In this tutorial we'll try out what the "modern" Language Modeling (LM) looks like, see what it takes to implement one using PyTorch and then use the trained model to generate some text.

Here is a list of some relevant references:

* http://web.stanford.edu/class/cs224n/lectures/cs224n-2017-lecture8.pdf
* http://web.stanford.edu/class/cs224n/lectures/cs224n-2017-lecture9.pdf
* http://colah.github.io/posts/2015-08-Understanding-LSTMs/
* https://github.com/pytorch/examples/tree/master/word_language_model
* https://github.com/yunjey/pytorch-tutorial/blob/master/tutorials/02-intermediate/language_model

As the first order of business, we import some useful Python libraries, along with [PyTorch](https://pytorch.org/).

**Note**: this tutorial expects at least basic familiarity with PyTorch. We strongly encourage you to get familiar with the ["blitz" introduction](https://pytorch.org/tutorials/beginner/blitz/tensor_tutorial.html) into this framework. 

**Technical note**: this tutorial also expects PyTorch to be installed. To do so, we encourage you to follow the ["Get started"](https://pytorch.org/get-started/locally/) guide. Note that this is not necessary when playing with PyTorch within the Google Collaboratory environment.

In [0]:
import torch
import torch.nn as nn
from torch.autograd import Variable
import torch.optim as optim
import torch.nn.functional as F
import random
import numpy as np
from collections import Counter, OrderedDict
from copy import deepcopy
flatten = lambda l: [item for sublist in l for item in sublist]
random.seed(1234)

The following cell allows us to use the speed-ups of GPU, if it is available.

In [0]:
USE_CUDA = torch.cuda.is_available()
gpus = [0]
torch.cuda.set_device(gpus[0])

FloatTensor = torch.cuda.FloatTensor if USE_CUDA else torch.FloatTensor
LongTensor = torch.cuda.LongTensor if USE_CUDA else torch.LongTensor
ByteTensor = torch.cuda.ByteTensor if USE_CUDA else torch.ByteTensor

## Data loading and preprocessing

In order to try out Language Modeling on a relevant data source, we'll use the [Penn Treebank](https://nlpprogress.com/english/language_modeling.html#penn-treebank) dataset, which is a very common benchmark for Language modeling.

The dataset is comprised of various parts of WSJ articles, which have already been tokenized and split into sentences, one per each line of the input file.

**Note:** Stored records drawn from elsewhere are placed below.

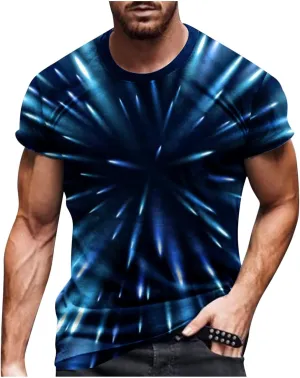 Mens Fashion 3D Print T-Shirts 2023 Casual Summer Tops Funny Graphics Pattern Crewneck Short Sleeve Tees for Men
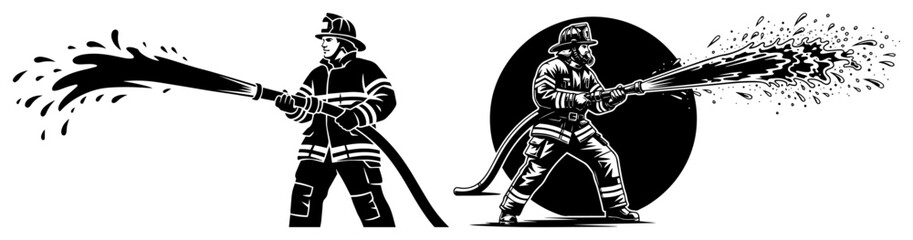 Firefighter silhouettes spraying water with hose, vector illustration of firemen in action, emergency rescue service design
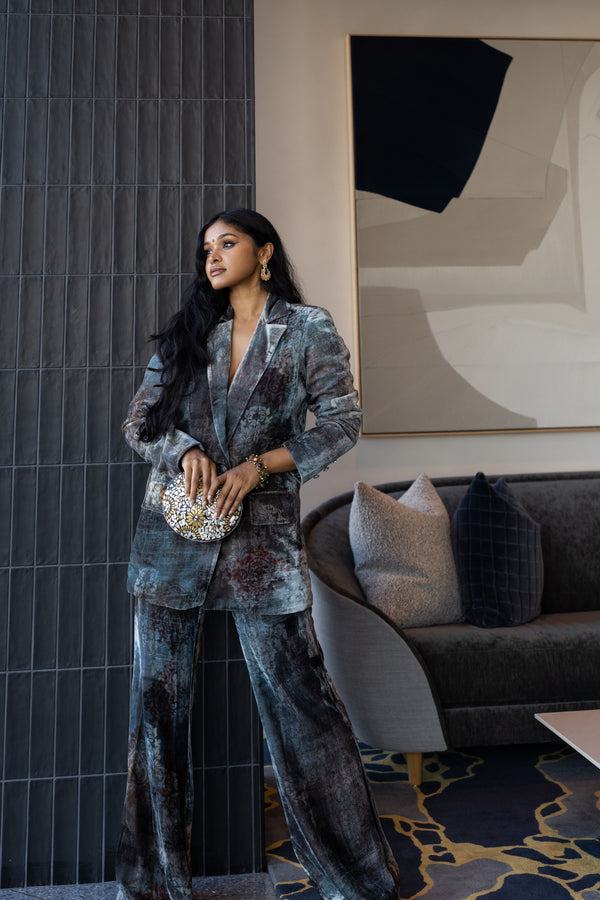 Sruthi Jaidevi in Our Velvet Printed Oversized Blazer Set with Cording Bralet from Ancienne Collection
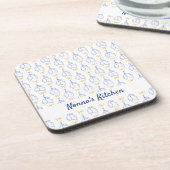 手パーソナライズされた引きブルーイタリアンレモン コースター (左側)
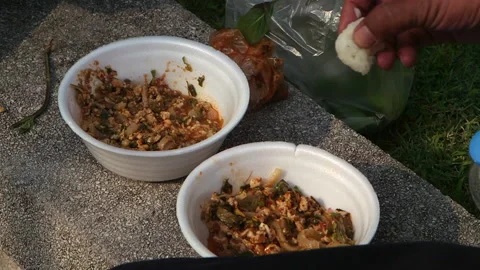 Eating Raw Thai Larp Stock Footage 146335692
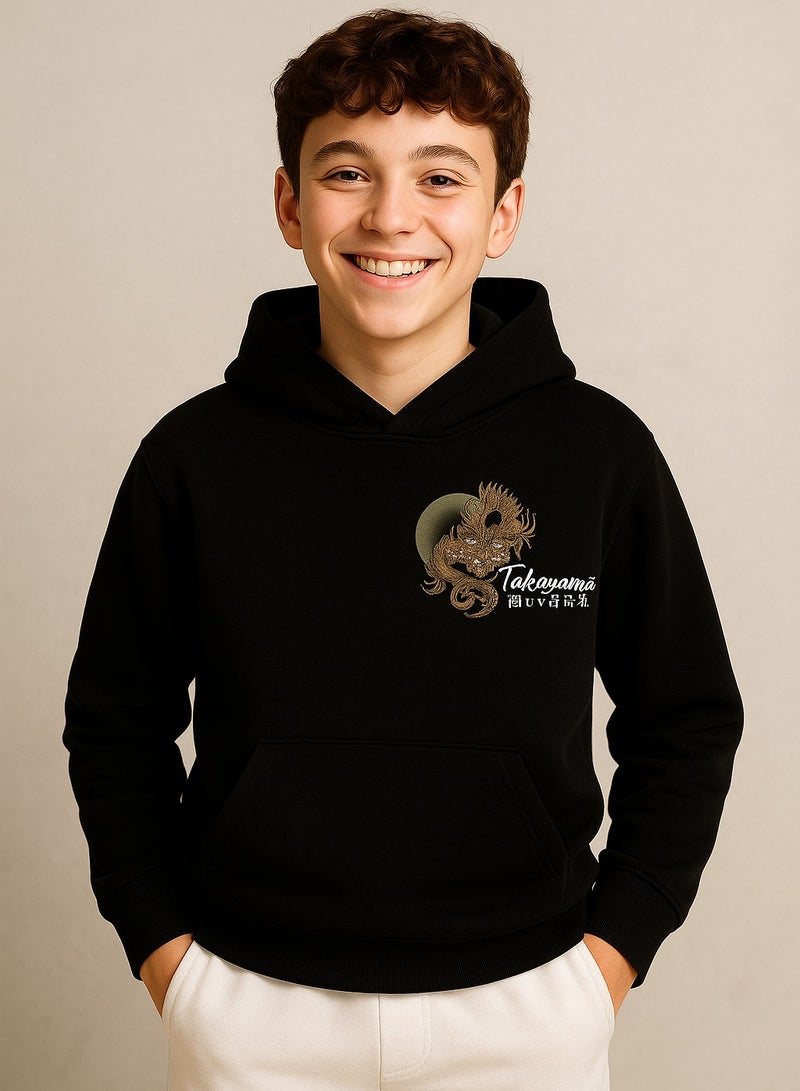 فكتور اند جين سويت شيرت بغطاء رأس برسومات تنين تاكيغامي للأولاد باللون الأسود - Image 2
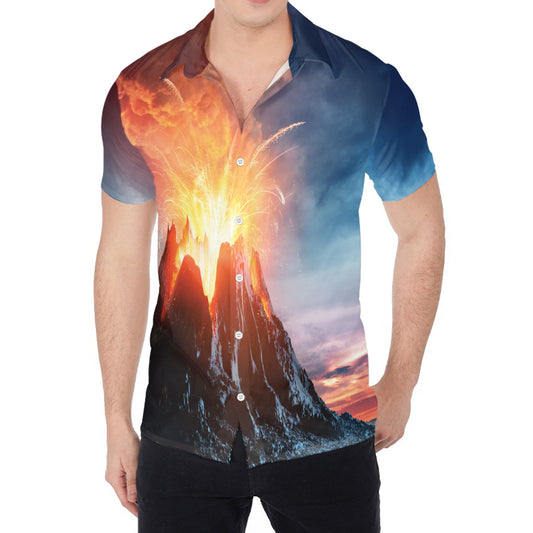 Erupting Volcano Print Men's Shirt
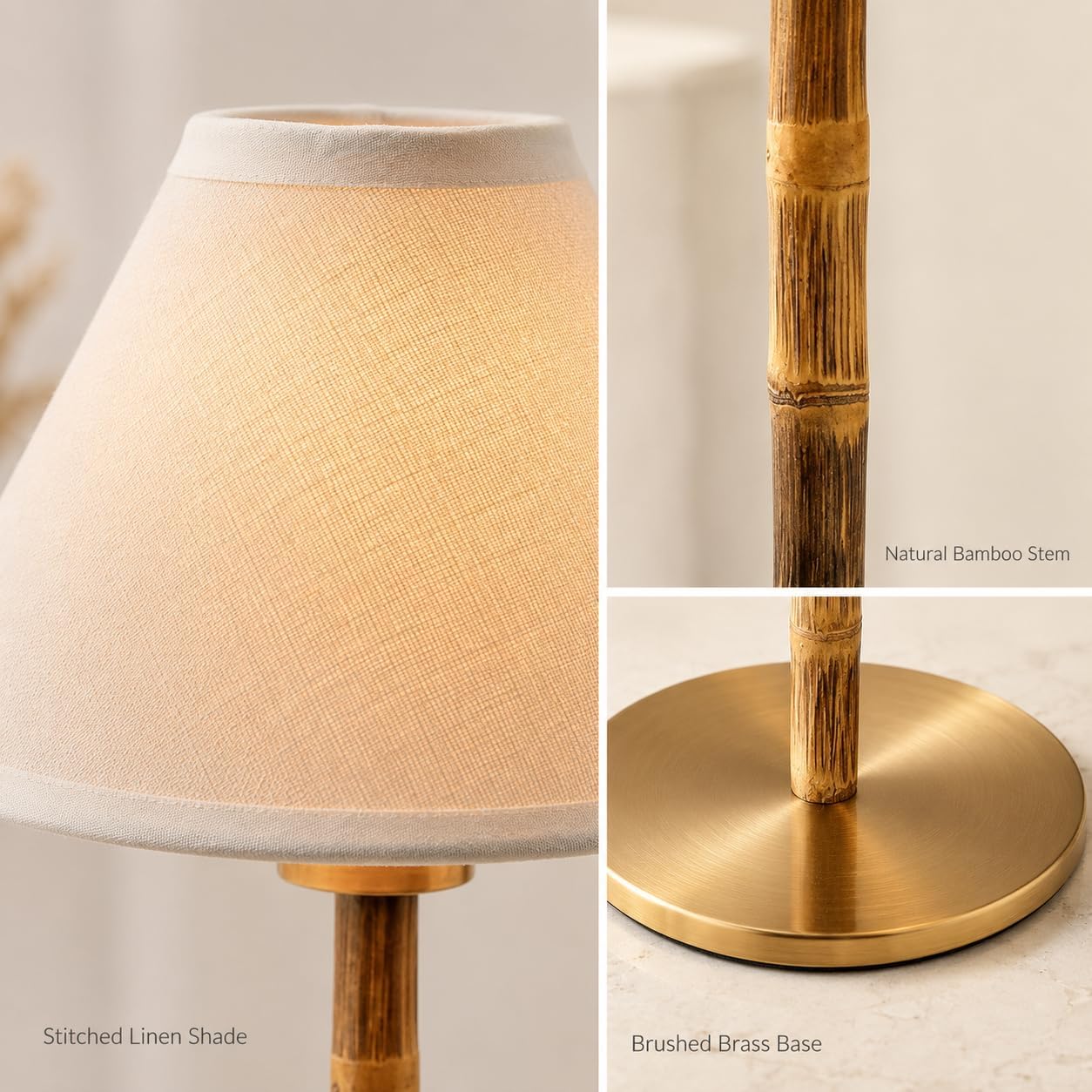 Bamboo Cordless LED Table Lamp – Rechargeable 24-Hour Battery, Dimmable Warm Light, Portable Wireless Lamp with Remote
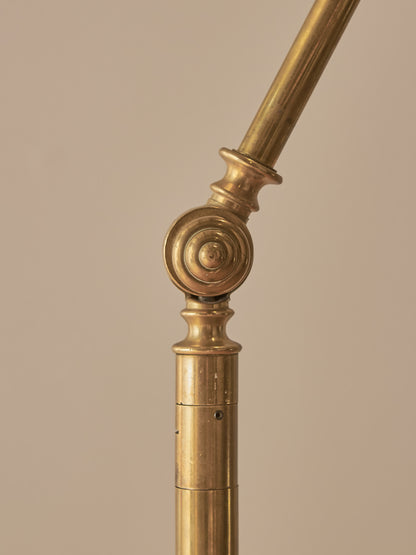 Mid-century brass clam floor lamp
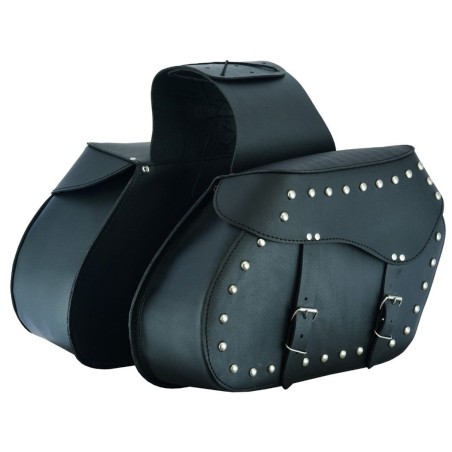 ALFORJAS LATERALES DE CUERO PARA MOTO 22 X 2 LITROS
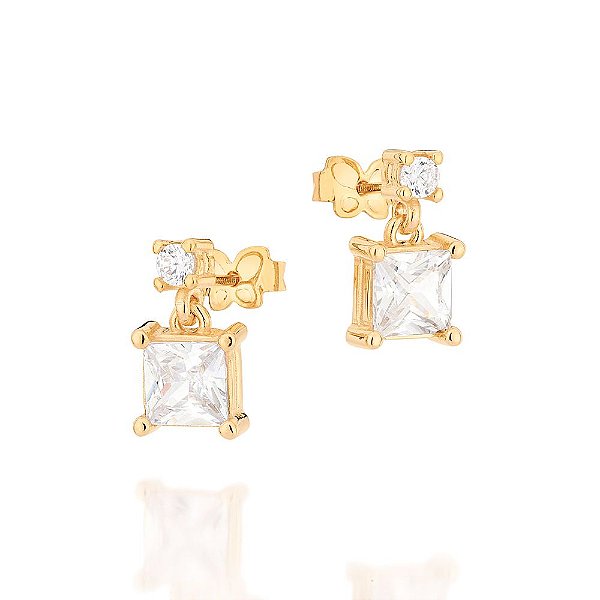 Brinco Cravejado Por 2 Zircônias Redondas De 3,0 Mm E 2 Zircônias Carrês De 6X6 Mm Penduradas (Par),Med 1,4 Cm 0,80 Cm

Furthermore, only the top 10,000 most frequent words were used -- all of the others have been replaced with the special `<unk>` word.

Running the following cell should download the dataset, provided that `wget` is installed in your environment.

In [0]:
!wget https://raw.githubusercontent.com/NaiveNeuron/nlp-exercises/master/tutorial1-lm/data/ptb.train.txt
!wget https://raw.githubusercontent.com/NaiveNeuron/nlp-exercises/master/tutorial1-lm/data/ptb.test.txt
!wget https://raw.githubusercontent.com/NaiveNeuron/nlp-exercises/master/tutorial1-lm/data/ptb.valid.txt  


Although the structure described above makes this dataset nicely human-readable, it needs to be converted into a format that would be consumable by a Neural Network model, which will serve as a testbed for our experiments. To simplify this conversion, we introduce the following helper functions.

In [0]:
def prepare_sequence(seq, to_index):
    idxs = list(map(lambda w: to_index[w] if to_index.get(w) is not None else to_index["<unk>"], seq))
    return LongTensor(idxs)

In [0]:
def prepare_ptb_dataset(filename, word2index=None):
    corpus = open(filename, 'r', encoding='utf-8').readlines()
    corpus = flatten([co.strip().split() + ['<eos>'] for co in corpus])
    
    if word2index == None:
        vocab = list(set(corpus))
        word2index = {'<unk>': 0}
        for vo in vocab:
            if word2index.get(vo) is None:
                word2index[vo] = len(word2index)
    
    return prepare_sequence(corpus, word2index), word2index

In [0]:
# borrowed code from https://github.com/pytorch/examples/tree/master/word_language_model

def batchify(data, bsz):
    # Work out how cleanly we can divide the dataset into bsz parts.
    nbatch = data.size(0) // bsz
    # Trim off any extra elements that wouldn't cleanly fit (remainders).
    data = data.narrow(0, 0, nbatch * bsz)
    # Evenly divide the data across the bsz batches.
    data = data.view(bsz, -1).contiguous()
    if USE_CUDA:
        data = data.cuda()
    return data

In [0]:
def get_batch(data, seq_length):
     for i in range(0, data.size(1) - seq_length, seq_length):
        inputs = Variable(data[:, i: i + seq_length])
        targets = Variable(data[:, (i + 1): (i + 1) + seq_length].contiguous())
        yield (inputs, targets)

With all the helper functions prepared, we are ready to convert the data from a sequence of words (strings) into a sequence of integers, where each integer represents a specific word.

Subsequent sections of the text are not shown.